Input Domain

LBPM provides a flexible framework to ingest 3D image data. To illustrate the basic capabilities, this tutorial considers a quasi-2D flow cell. Source files for the example are included in the LBPM repository in the directory examples/DiscPack. A simple python code is included to set up the flow domain.

Based on LBPM convention, external boundary conditions are applied in the z-direction. This means that the domain should be set up so that the direction you want to set boundary conditions is aligned with the z-axis. For the quasi-2D example, a depth of 3 voxels is used for the x-direction. Based on LBPM internal data structures at least three voxels must be provided in each direction The specified domain decomposition must also observe this rule.

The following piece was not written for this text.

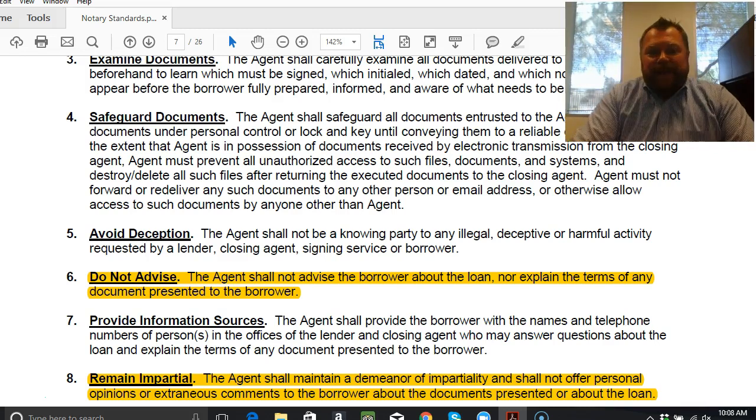Number seven — provide information sources. As a notary public loan signing agent, you're one of the most supported individuals in the whole process. As you're briefly describing the documents, if a borrower has questions that you cannot or should not answer, you're going to give them access to anyone they need — whether it be the closing agent, a title or escrow company, an attorney, or the lender — so they can get the answers they need to feel comfortable moving forward.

Image data is stored internally within LBPM as signed 8-bit binary data. This means that up to 256 labels can be provided in the input image. LBPM convention takes all non-positive labels to be immobile (treated as solid). In this example, the solid regions are assigned a value of 0. It is possible to provide up to 128 different labels for the solid. Also, note that python supports only the unsigned 8-bit datatype. For the unsigned data type, labels assigned values 128,...255 in python will correspond to labels -127,...-1 when read in as type signed char within LBPM.

  import numpy as np
  import matplotlib.pylab as plt
  import pandas as pd
  # Set the size of the domain
  Nx=3
  Ny=128
  Nz=128
  D=pd.read_csv("discs.csv",sep=" ")
  ID = np.ones(Nx*Ny*Nz,dtype='uint8')
  ID.shape = (Nz,Ny,Nx)
  # Set the solid labels
  for idx in range(len(D)):
     cx=D['cx'][idx] / dx
     cy=D['cy'][idx] /dx
     r=D['r'][idx] /dx
     for i in range(0,Nz):
        for j in range(0,Ny):
           if ( (cx-i)*(cx-i) + (cy-j)*(cy-j) < r*r ):
              ID[i,j,0] = 0
              ID[i,j,1] = 0
              ID[i,j,2] = 0
# write input file to disc
ID.tofile("discs_3x128x128.raw")